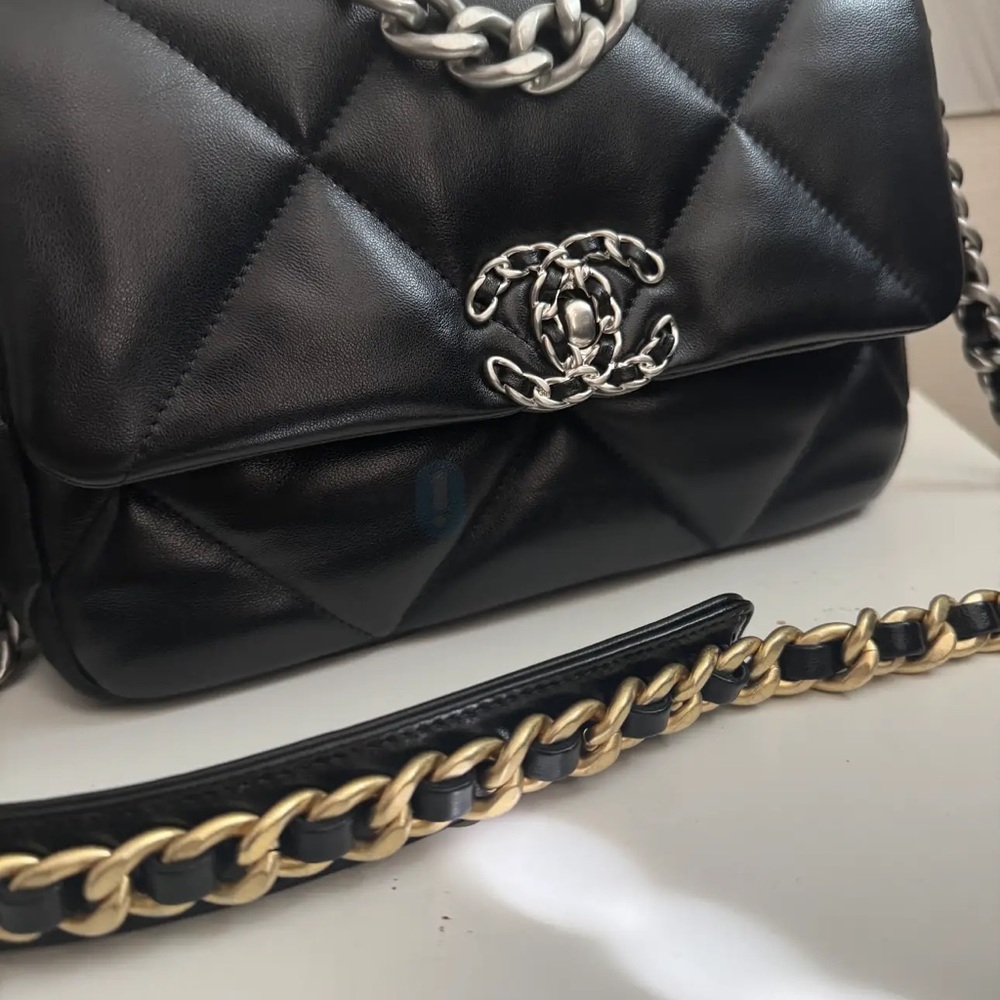 Chanel Black Flap Leather Bag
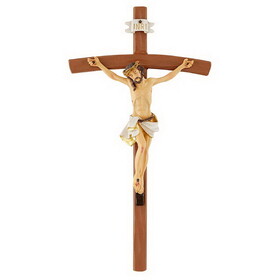 Jeweled Cross N5012 12"Hammered Finish Crucifix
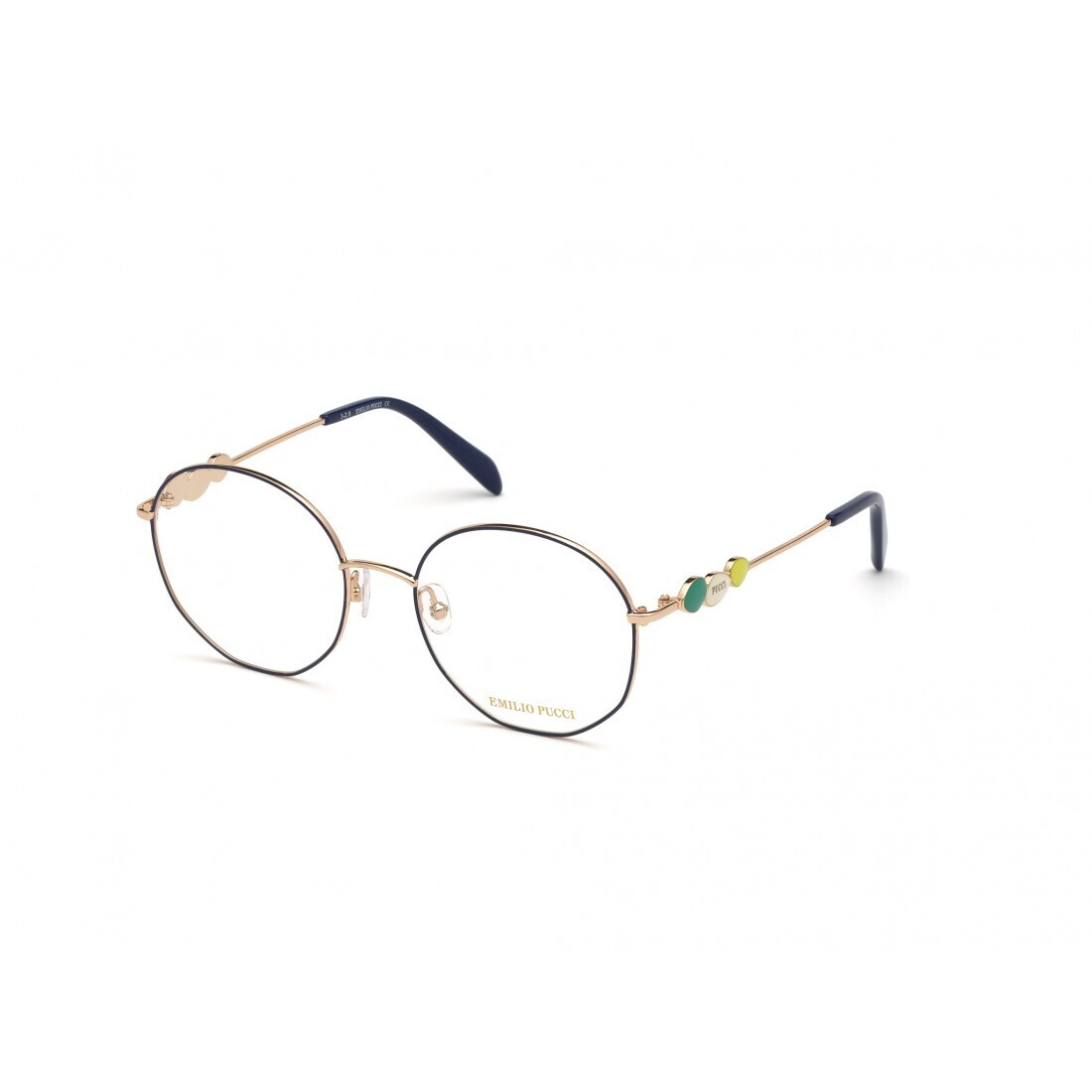 EMILIO PUCCI 5145/V 092 blue e gold occhiali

> [WHAT THIS TASK INVOLVES] Every line of the data above should be repeated exactly. Omit the pictures.

> [ANSWER SPACE]
 Chanel Black Flap Leather Bag
 Jeweled Cross N5012 12"Hammered Finish Crucifix
 EMILIO PUCCI 5145/V 092 blue e gold occhiali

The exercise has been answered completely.